Zip Linked List
Zip Linked List
Category
Linked Lists
Difficulty
Hard
Problem Statement
Given a singly linked list, rearrange its nodes by interleaving nodes from the beginning and end. Specifically, the first node is followed by the last node, then the second node followed by the second-to-last node, and so on. For a list 1 -> 2 -> 3 -> 4 -> 5 -> 6, the result would be 1 -> 6 -> 2 -> 5 -> 3 -> 4. The rearrangement should be done in place.
Intuition
This problem combines three fundamental linked list operations: (1) finding the middle of the list, (2) reversing the second half, and (3) interleaving (merging) the two halves. After splitting and reversing, we have two shorter lists that we merge by alternating nodes from each.
Approach
- Find the middle of the linked list using the slow/fast pointer technique.
- Split the list into two halves at the middle. The first half runs from head to the middle node, and the second half starts after the middle.
- Reverse the second half of the list.
- Interleave the two halves: take one node from the first half, then one from the reversed second half, alternating until both halves are exhausted.
- Return the head of the resulting list.
Pseudocode
function zipLinkedList(head):
if head is null or head.next is null:
return head
// Step 1: Find middle
slow = head
fast = head
while fast is not null and fast.next is not null:
slow = slow.next
fast = fast.next.next
// Step 2: Split at middle
secondHalf = slow.next
slow.next = null
// Step 3: Reverse second half
secondHalf = reverseList(secondHalf)
// Step 4: Interleave
first = head
second = secondHalf
while first is not null and second is not null:
firstNext = first.next
secondNext = second.next
first.next = second
second.next = firstNext
first = firstNext
second = secondNext
return head
function reverseList(head):
prev = null
current = head
while current is not null:
next = current.next
current.next = prev
prev = current
current = next
return prev
Time & Space Complexity
- Time: O(n) where n is the number of nodes. Finding the middle takes O(n/2), reversing takes O(n/2), and interleaving takes O(n/2). Total: O(n).
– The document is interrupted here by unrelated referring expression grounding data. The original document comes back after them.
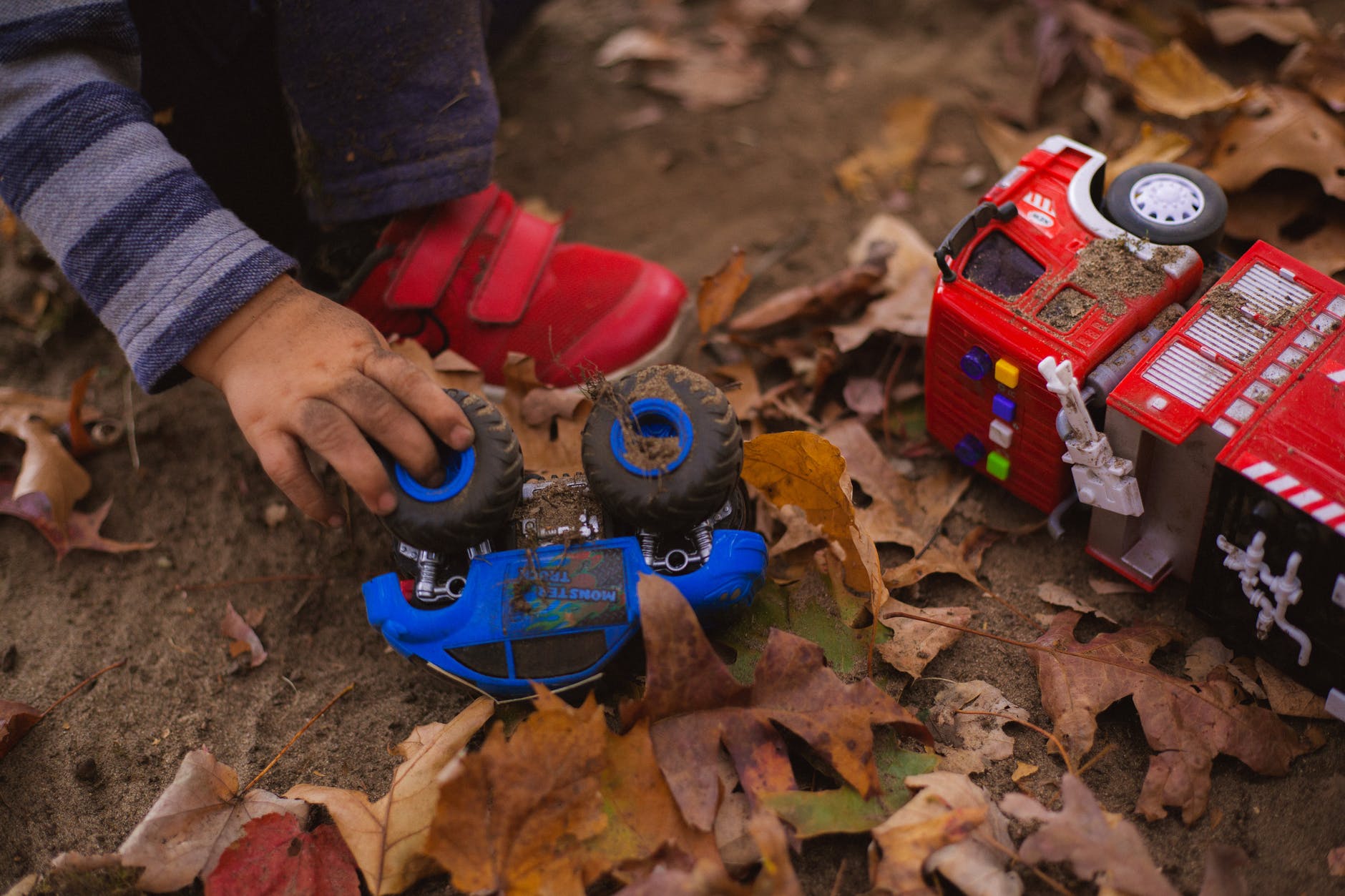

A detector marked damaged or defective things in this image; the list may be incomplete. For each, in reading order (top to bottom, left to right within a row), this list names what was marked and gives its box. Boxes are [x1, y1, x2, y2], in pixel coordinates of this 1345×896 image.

overturned toy vehicle [362, 366, 767, 701]
overturned toy vehicle [927, 135, 1345, 724] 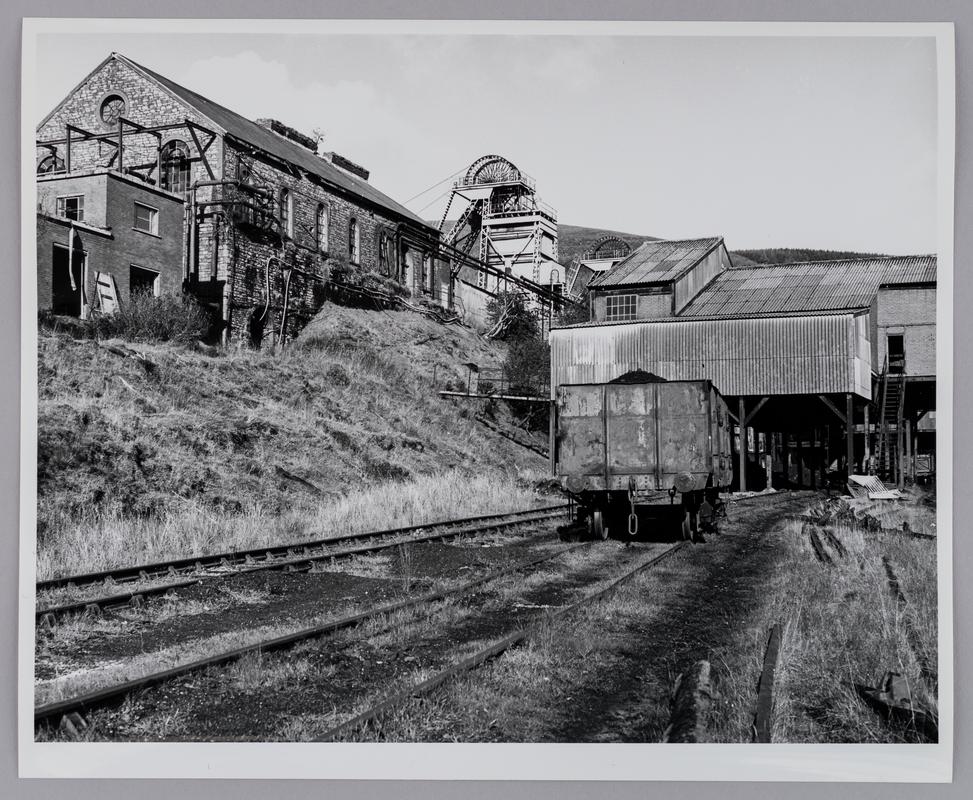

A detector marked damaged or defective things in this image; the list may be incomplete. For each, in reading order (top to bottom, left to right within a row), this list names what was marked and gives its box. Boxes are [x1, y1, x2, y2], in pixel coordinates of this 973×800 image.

rusted metal [36, 536, 584, 732]
rusted metal [752, 624, 784, 744] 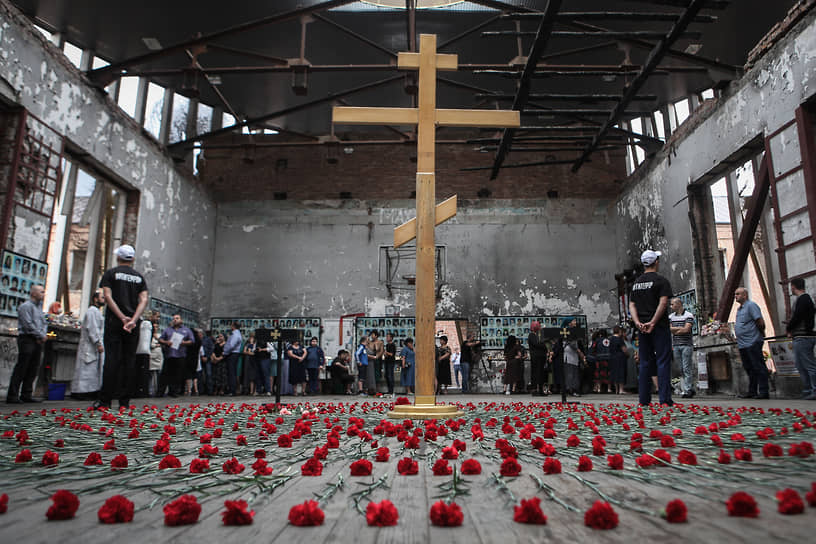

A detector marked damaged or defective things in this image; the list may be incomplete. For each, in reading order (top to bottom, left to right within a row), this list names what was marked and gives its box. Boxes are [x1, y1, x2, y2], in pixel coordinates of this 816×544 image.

peeling plaster wall [0, 5, 217, 318]
burnt roof beam [88, 0, 356, 86]
burnt roof beam [488, 0, 564, 181]
burnt roof beam [572, 0, 708, 172]
peeling plaster wall [616, 9, 816, 318]
peeling plaster wall [210, 199, 620, 330]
- Space: O(1) extra space. All operations are performed in place with a constant number of pointers.
Key Insights
- The three-step decomposition (split, reverse, merge) is a powerful pattern that appears in many linked list problems.
- The slow/fast pointer technique gives the midpoint in a single pass without knowing the length.
- For odd-length lists, the first half gets the extra node; this is natural since the middle node stays in place.
- Saving
nextpointers before rewiring is critical to avoid losing references during interleaving. - This is sometimes called "folding" a linked list — conceptually, you fold the list in half and zip the two sides together.
Edge Cases
- Empty list — return null.
- Single node — return the node unchanged.
- Two nodes — already zipped (first, last are adjacent).
- Odd-length list — the first half has one more node than the second; after interleaving, the extra node naturally appears at the end.
- Even-length list — both halves are the same length and interleave perfectly.
- All nodes have the same value — the structure changes but output values look the same.